That’s Why They Call It Capital
I’m up to my neck in boxes. St. Anthony’s newsletters, appeal letters, donation boxes, raffle prizes, party supplies, the white lunch bags and colored ribbons we used last winter to make Christmas gift bags for every person who ate in the Dining Room that day. All the accourtrements and accessories of a fundraising office. Tomorrow I’ll work at the Foundation Center while professional movers carry my little bandwagon into the new, LEED-certified building at 150 Golden Gate. I’ll miss my London view, as I call it: the limestone wall and Greek columns of the old Hibernia bank, the gate with the black iron palings at the end of the alley opening onto McAllister Street, and the brick of the Renoir Hotel across the street with the green copper cornices on the roof. But my little loss is San Francisco’s grand harvest.
In the new building, St. Anthony Foundation will serve 5,000 more patients every year at the Free Medical Clinic, 200 more clients every year in the Employment Program and Learning Center, 375 more clients every month in the Social Work Center, without increasing staff. Eventually, the Dining Room will move into 150 Golden Gate on a long-term, temporary basis while we tear down this building and perform the same magic here.
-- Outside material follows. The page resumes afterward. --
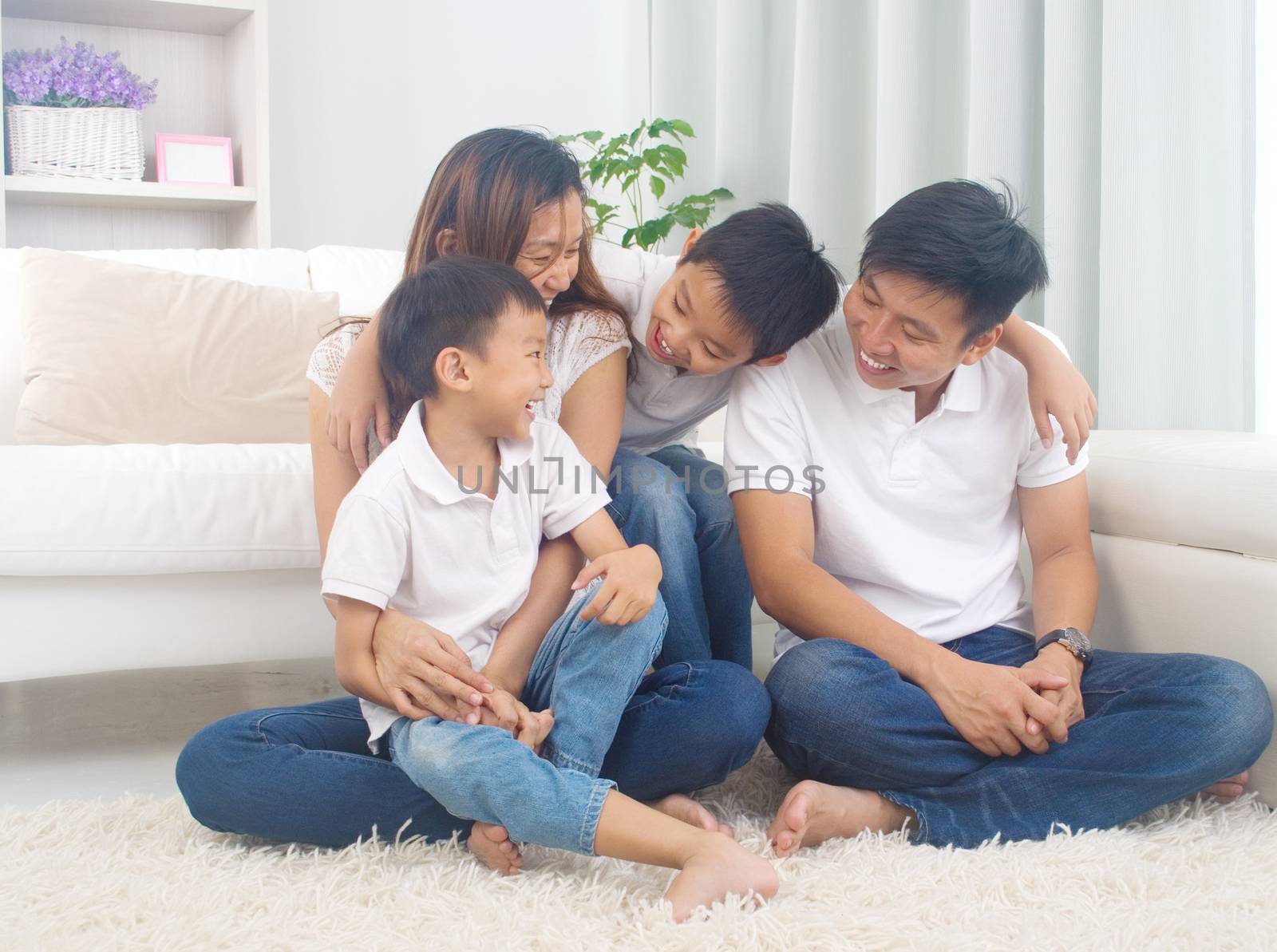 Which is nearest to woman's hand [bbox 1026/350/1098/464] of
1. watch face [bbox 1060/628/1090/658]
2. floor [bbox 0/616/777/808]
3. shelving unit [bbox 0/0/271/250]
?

Heaven knows the city’s poor and homeless residents need the extra help.
It is sometimes amusing, and sometimes otherwise, to hear people who have never done a day’s fundraising in their lives criticize the imaginary effects of fundraising. Every development professional knows the costs and the benefits of a Capital Campaign. Capital Campaigns take a great deal of energy and a lot more time than we’d like. You have to print new materials and talk to a lot of people. That’s the cost.
Capital Campaigns attract new donors, most of whom stay on as major donors after the campaign is over. People don’t make a 6- or 7-figure investment in an organization and then drop the relationship. Capital Campaigns increase the annual fund, partly because donors who are unable to make a capital gift raise their annual amount, partly because the publicity and public education needed to run a Capital Campaign inspire both veteran donors and new friends to do more. Capital Campaigns put organizations on their toes and propel them into updating and improving their program activities, their materials, and their business practices, in order to live up to the awesome responsibility of raising and spending that much money. Those are just some of the benefits.
Yes, a Capital Campaign is an enormous investment. But the expenses come out of a different pot from the money we raise for services to our poor and homeless neighbors. And tomorrow, the benefits will go to those services and those neighbors. From new donors and from donors increasing their gifts, we’re building a larger, more useful St. Anthony Foundation. That’s good for our guests, today and in the decades to come. I think our guests are worth the investment.